Assigned task ▸ Please repeat exactly the lines below from the one containing "Used Mazda CX-7" down to the one containing "Încălțăminte de alergat", both included, and nothing else.

Information ▸
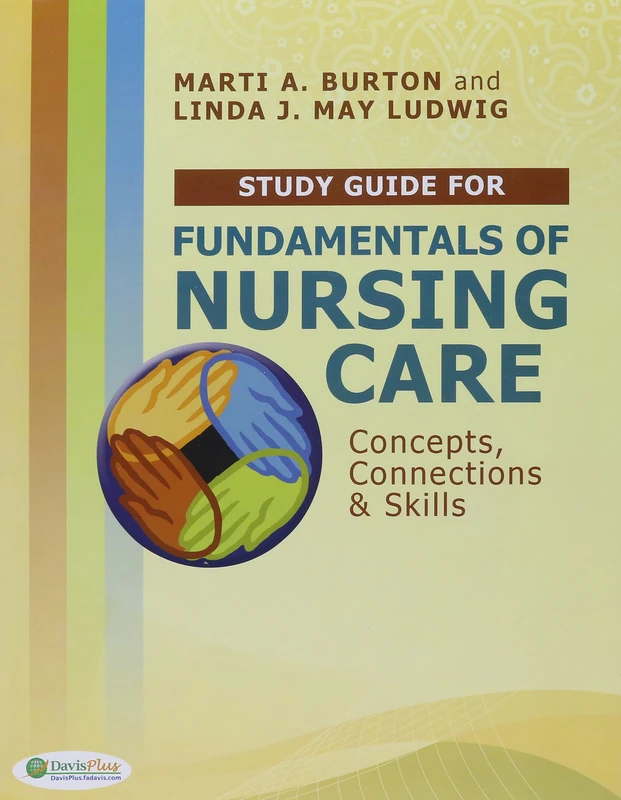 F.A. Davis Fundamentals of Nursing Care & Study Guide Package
---
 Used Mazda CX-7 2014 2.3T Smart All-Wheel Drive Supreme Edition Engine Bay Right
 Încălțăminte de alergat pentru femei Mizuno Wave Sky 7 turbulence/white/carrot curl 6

Task result ▸
 Used Mazda CX-7 2014 2.3T Smart All-Wheel Drive Supreme Edition Engine Bay Right
 Încălțăminte de alergat pentru femei Mizuno Wave Sky 7 turbulence/white/carrot curl 6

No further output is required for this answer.